Welcome to TEALab @ UC Santa Barbara
Transport for Energy Applications Laboratory (TEALab) is a research group led by Prof. Bolin Liao at UCSB Mechanical Engineering. We develop computational and experimental tools to "see" the details of energy transport and conversion processes at the smallest time and length scales. We are also passionate about translating knowledge from these fundamental studies into more efficient and cost-effective sustainable energy technologies that help reduce carbon emission and secure our energy needs in the future.
Postdoc: We have an immediate postdoc opening in experimental ultrafast electron/optical spectroscopy and imaging.

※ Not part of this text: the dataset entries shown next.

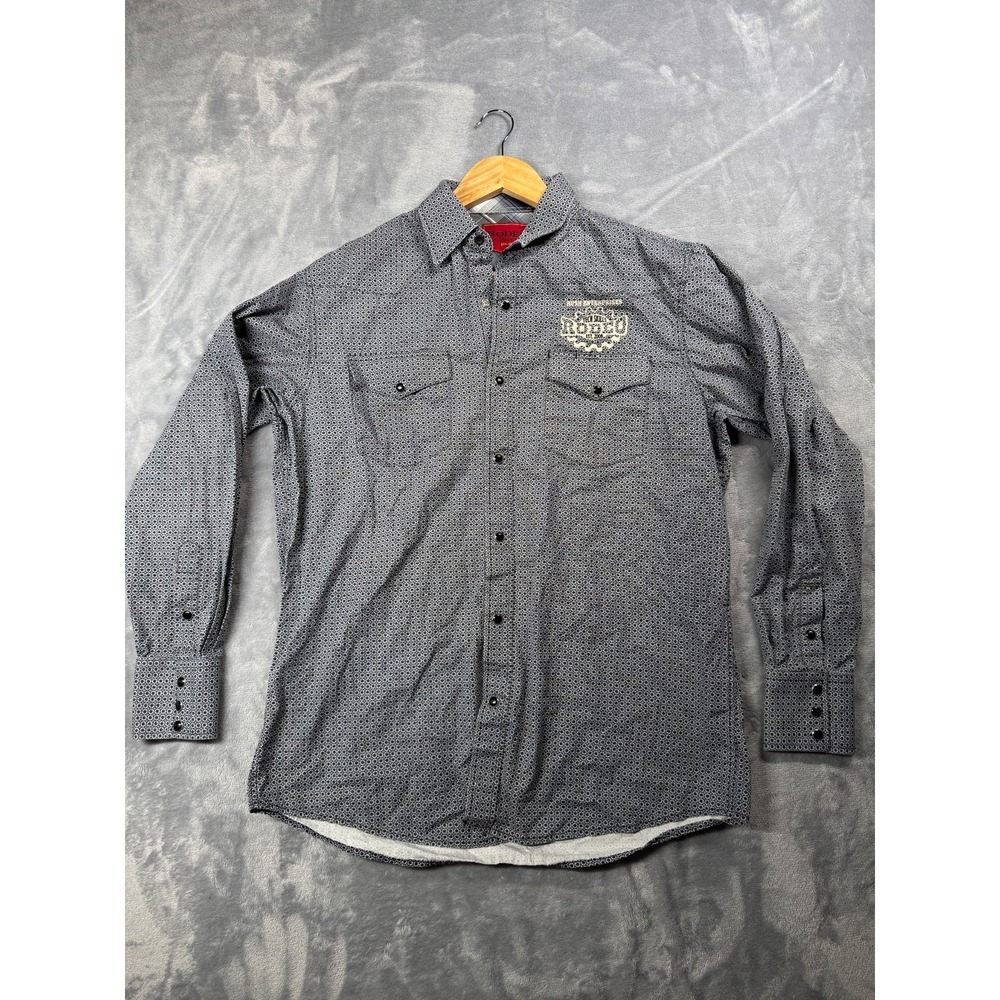 Rodeo Clothing Co Western Shirt Men M Gray Geometric Rush Enterprises Pearl Snap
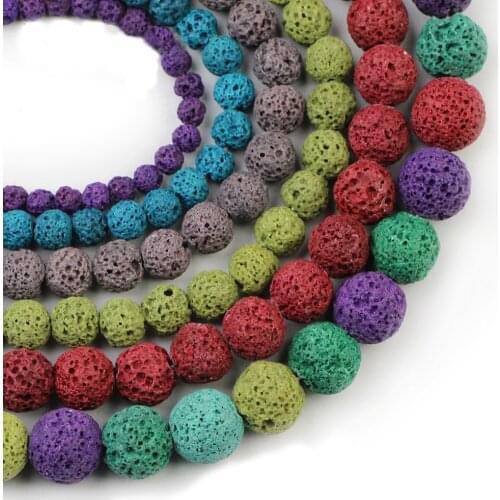 YHBZRET Colourful Volcanic Rock Beads Natural Stone Black Round Lava Spacer Beads For Jewelry Making Bracelet DIY 4 6 8 10 12mm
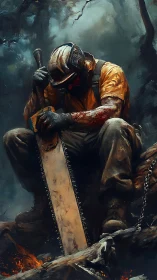 Exhausted lumberjack with chainsaw rests amid scorched forest
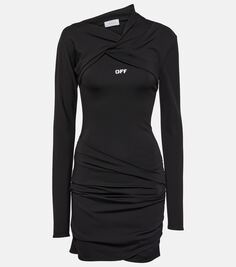 Асимметричное мини-платье из джерси с логотипом Off-White, черный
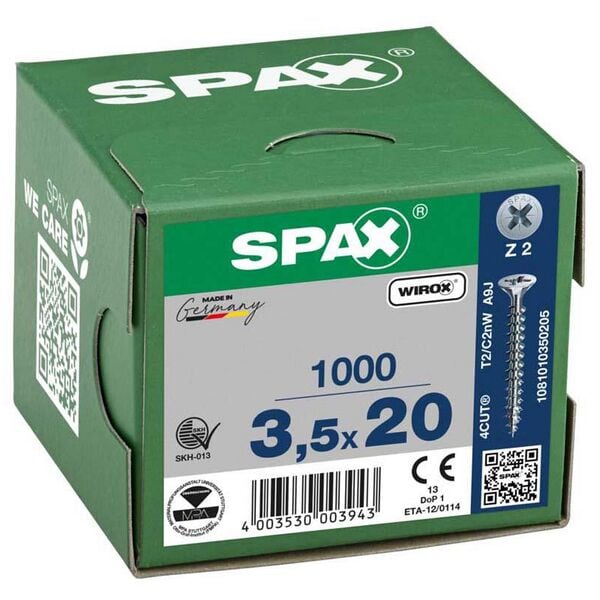 SPAX Universalschrauben Z2 Senkkopf WIROX 3,5 x 20 mm 1000 St. Image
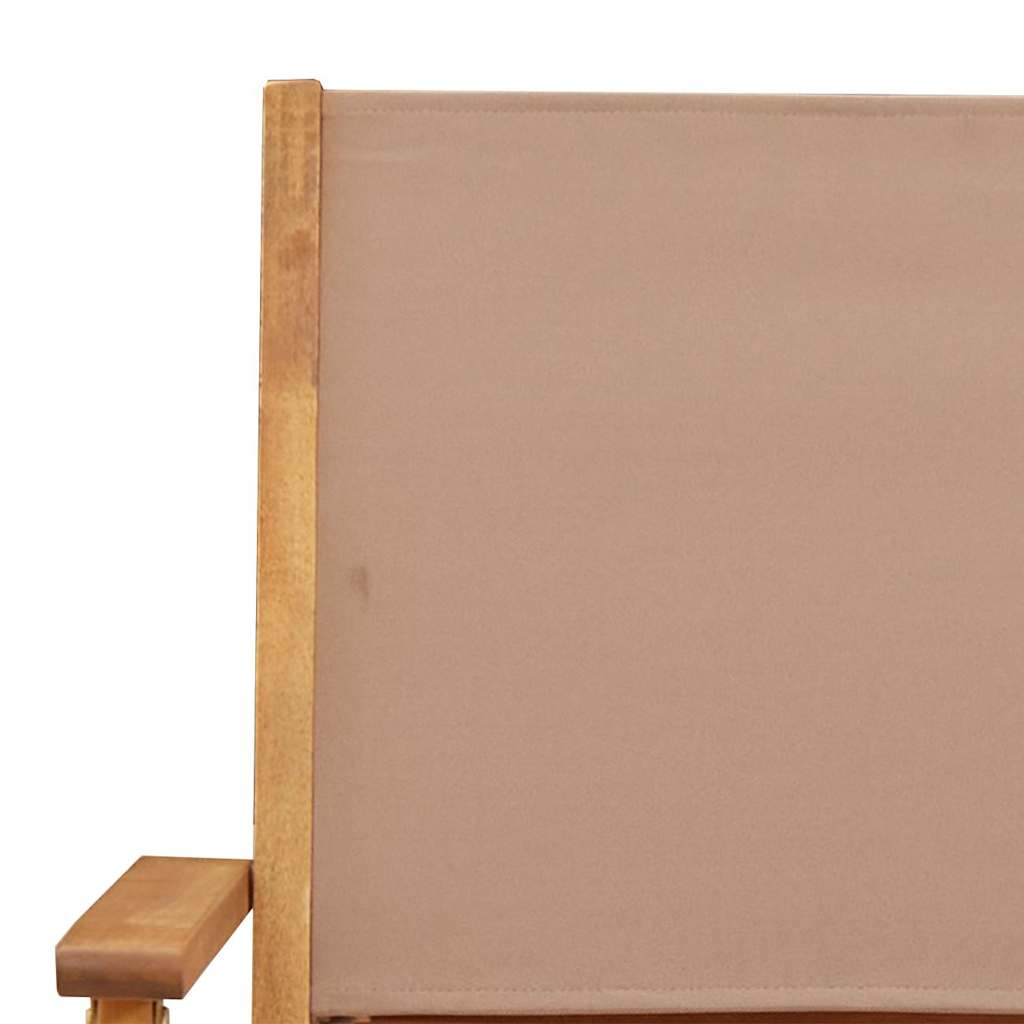 vidaXL Καρέκλες Κήπου 2 τεμ. Taupe Μασίφ Ακακία & Ύφασμα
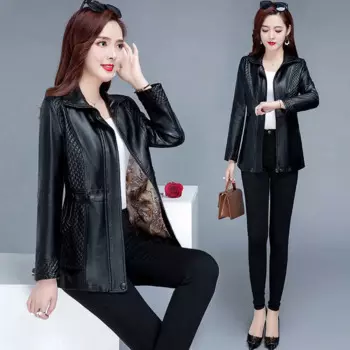 Женская кожаная куртка 2XL-8XL, весеннее мотоциклетное пальто средней длины, зимнее пальто для мам среднего возраста, куртка из искусственной кожи Y44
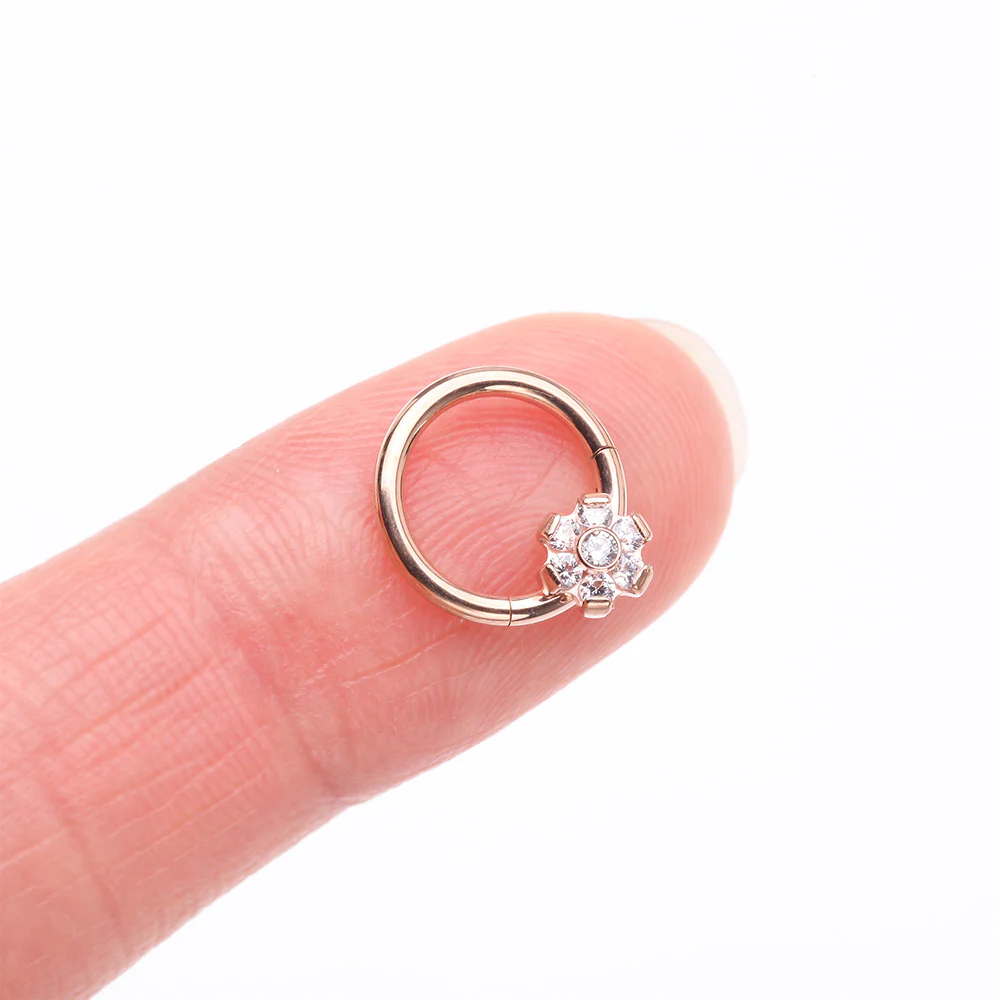 Implant Grade Titanium Rose Gold Brilliant Flower Sparkle Clicker Hoop Ring - Image 3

Potential candidates with strong hands-on experience in ultrafast optics, nonlinear optics and electron microscopy can send a CV and contact information of three references to firstname.lastname@example.org.
Graduate students with a background in mechanical engineering, materials science, electrical engineering, physics or related fields are welcome to get in touch. Students already admitted into graduate programs at UCSB are particularly encouraged to contact Prof. Liao to discuss potential projects, including self-funded master students.
Highly motivated undergraduate students are welcome to participate in our research. Being an interdisciplinary group, we have projects for students with different background and interests. Undergraduate students are encouraged to publish their research results.
Visiting scholars are welcome to contact Prof. Liao to discuss projects of mutual interest.
Ultrafast Optical/Electron Spectroscopy and Microscopy
We use ultrafast lasers and electron microscopes to probe photophysical processes that happen at nanometer length scale and subpicosecond time scale. The techniques we use include SUEM (scanning ultrafast electron microscopy), TDTR (time-domain thermoreflectance) and ultrafast photoacoustic spectroscopy.
First-principles and Multiscale Transport Simulation
We use supercomputers to simulate the motion of microscopic energy carriers in nano and mesoscale devices, especially how they interact with other carriers, defects and interfaces, and how they behave in structures with characteristic sizes smaller than their own mean free path or coherent length.
Applied Clean Energy Technologies and Systems
In addition to fundamental studies of nanoscale energy transport, we are equally passionate about converting new understandings and new materials into practical devices with real-world impact through engineering efforts. The current focus is on thermal and solar energy harvesting devices and systems.